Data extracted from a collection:
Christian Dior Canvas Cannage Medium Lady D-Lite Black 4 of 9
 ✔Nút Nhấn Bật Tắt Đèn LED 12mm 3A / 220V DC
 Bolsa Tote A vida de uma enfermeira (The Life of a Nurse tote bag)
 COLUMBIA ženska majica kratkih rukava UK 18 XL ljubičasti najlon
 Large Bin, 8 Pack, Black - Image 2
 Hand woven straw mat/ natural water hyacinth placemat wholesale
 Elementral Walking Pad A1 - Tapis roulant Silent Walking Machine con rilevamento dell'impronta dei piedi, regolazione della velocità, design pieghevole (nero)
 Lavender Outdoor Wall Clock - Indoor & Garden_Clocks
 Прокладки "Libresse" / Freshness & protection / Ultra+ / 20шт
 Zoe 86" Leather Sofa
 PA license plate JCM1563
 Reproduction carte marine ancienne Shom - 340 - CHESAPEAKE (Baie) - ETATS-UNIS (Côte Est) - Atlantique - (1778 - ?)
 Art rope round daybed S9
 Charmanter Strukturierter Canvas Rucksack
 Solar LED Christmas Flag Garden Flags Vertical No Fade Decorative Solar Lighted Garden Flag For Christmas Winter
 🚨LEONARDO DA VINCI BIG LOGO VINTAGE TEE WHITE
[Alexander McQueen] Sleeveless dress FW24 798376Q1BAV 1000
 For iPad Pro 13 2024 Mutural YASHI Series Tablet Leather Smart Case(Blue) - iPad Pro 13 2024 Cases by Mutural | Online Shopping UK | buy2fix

WHAT THE TASK ASKS — Return exactly the lines above from the line that has "Elementral Walking Pad" through the line that has "Charmanter Strukturierter Canvas Rucksack", inclusive, and nothing else.

RESPONSE AREA —
 Elementral Walking Pad A1 - Tapis roulant Silent Walking Machine con rilevamento dell'impronta dei piedi, regolazione della velocità, design pieghevole (nero)
 Lavender Outdoor Wall Clock - Indoor & Garden_Clocks
 Прокладки "Libresse" / Freshness & protection / Ultra+ / 20шт
 Zoe 86" Leather Sofa
 PA license plate JCM1563
 Reproduction carte marine ancienne Shom - 340 - CHESAPEAKE (Baie) - ETATS-UNIS (Côte Est) - Atlantique - (1778 - ?)
 Art rope round daybed S9
 Charmanter Strukturierter Canvas Rucksack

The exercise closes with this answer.